I was at a concert last weekend at Wembley Stadium which is, if you haven’t been, H U G E. It was filled to the brim with 80,000 people who had paid good money to see a nameless boyband. I was one of them. :)

Not long after the first support act had finished, the murmurs of a Mexican wave started around the stadium. It was awesome to watch. Each time it went around it grew, until by the third or fourth loop almost everyone was standing up. Watching 80,000 people synchronize themselves, spontaneously, is really quite phenomenal.

How did it start? Why did it start? And why did 80,000 strangers join in – creating a singularity. A wave.

We are, I think, compelled to join. Ultimately we all want inclusion, not because of any misdiagnosed lack of self confidence (although we all suffer to some degree from that – except politicians). No. I believe we are compelled to be included, it’s inherent in our being. We want to join in, to contribute, to be part of something bigger than ourselves.

Isn’t that what a Mexican wave is? An expression of joy. A chance to be part of something bigger, whilst still retaining our own sense of identity.

It made me think about social media, and it’s explosion over the last few years. When Michael Jackson dies and the news is broken across Twitter moments after it breaks on TMZ. When CNN, the BBC and others quote Twitter feeds because it’s the quickest way to get comment and feedback. When we all turn to the internet or our smartphones for confirmation, not from traditional news sources but from trusted bloggers and Twitter accounts, you know it’s big.

And we all want to be a part of it. We’re compelled to. Although most people sign up to Twitter, tweet once, and then bugger off, the important part is that they do sign up.

They want to know what Twitter is. They want to be a part of it.

But because social media is so new, because this is such a new way of communicating (if you think that communication began with the grunt of a caveman), most people don’t quite understand what to do. And so they leave.
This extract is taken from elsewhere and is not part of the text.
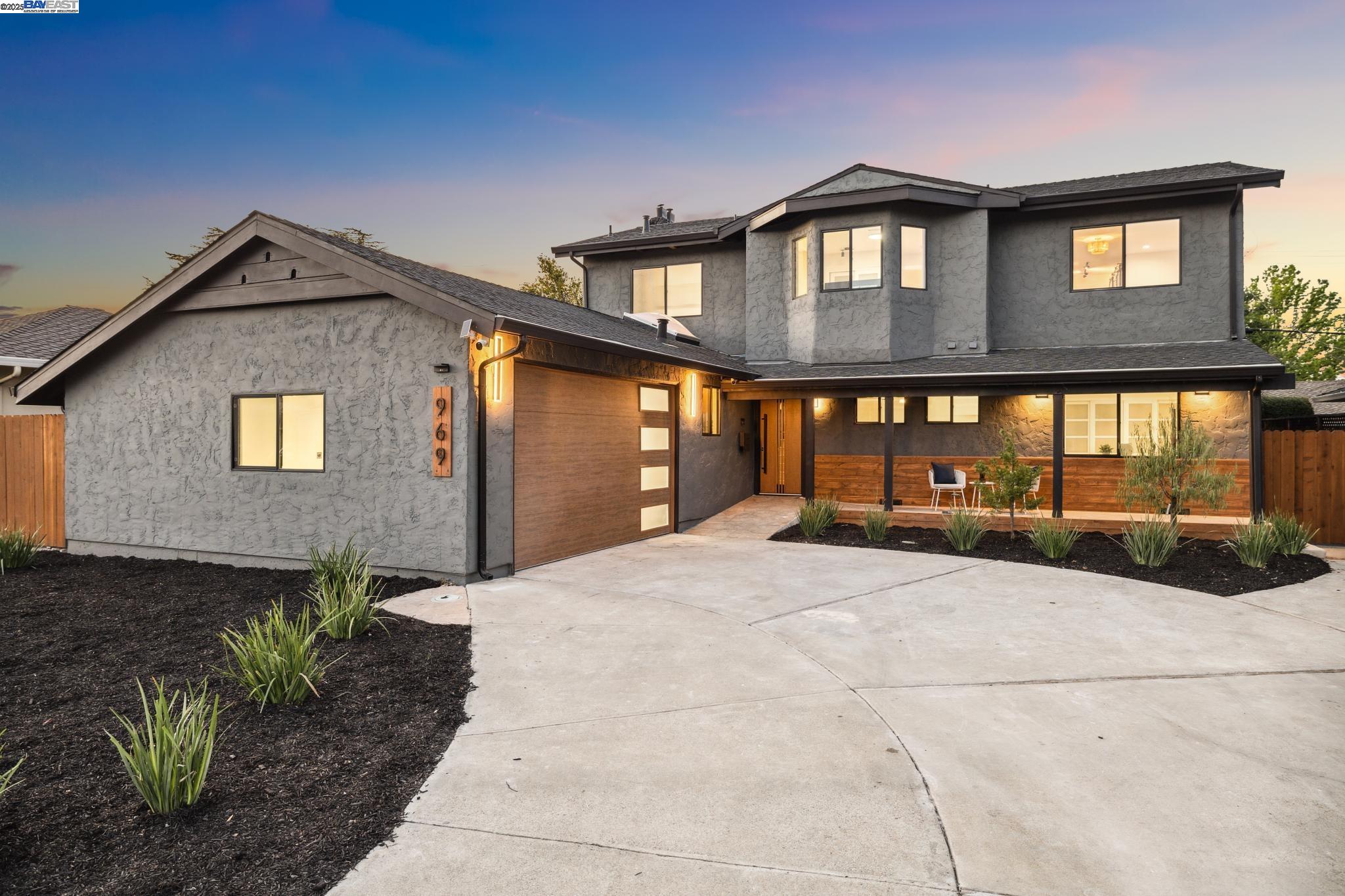 Detail Gallery Image 2 of 60 For 969 Kennard Way, Sunnyvale,  CA 94087 - 4 Beds | 4 Baths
Is this a problem with Twitter? Possibly. I think they could redesign their sign up process to single out and hand-hold people who have no idea what it’s about. Twitter is the medium through which we connect, but like strangers at a party we’re often dumbstruck when faced with talking to people we don’t know. Here’s a question whose answer might make you a millionaire: how can we bridge that gap? How can bridge the gap between the technology that allows us to say hello, and actually saying ‘hello’?

Or look at this another way. Why do we want a bunch of followers we don’t know to listen to what we’ve got to say? Is it because it allows us to touch our own version of celebrity? How arrogant are we?!?! I have enough trouble keeping up with the few ‘real’ friends I have, let alone telling my Twitter followers what I’ve been up to. Is Twitter, like Facebook, a substitute for lazy friendship?

Maybe. Twitter, Facebook, email and even texting allows us to engage in one way communication without worrying about what the other person has to say. The great thing about these forms of communication is that we can reply when we want to, and carefully craft what we want to say (and how it’ll be interpretted). And yet Twitter brings us, almost, full circle. All these forms of communicaiton are in some way instantaneous, but Twitter as a form of communication encourages conversation in real time. It’s like text messaging on acid, and allows us to join conversations with people that share our interests – not necessairily close friends.

Many many many years ago, I wrote a paper on how the internet segregates people not by gender, race, religion etc, but by interest, by values. It segregates us by who we really are. In fact, segregates is the wrong word. It does not segregate, it unites.

And perhaps that’s the point of Twitter. It brings us together, because we are compelled to join in, and it brings us together with those who share our interests and values. They may not be our real friends, but then maybe we can have different types of friends. One type is no better or more valued than the other – we just need them at different times of the day, week, month, and our life.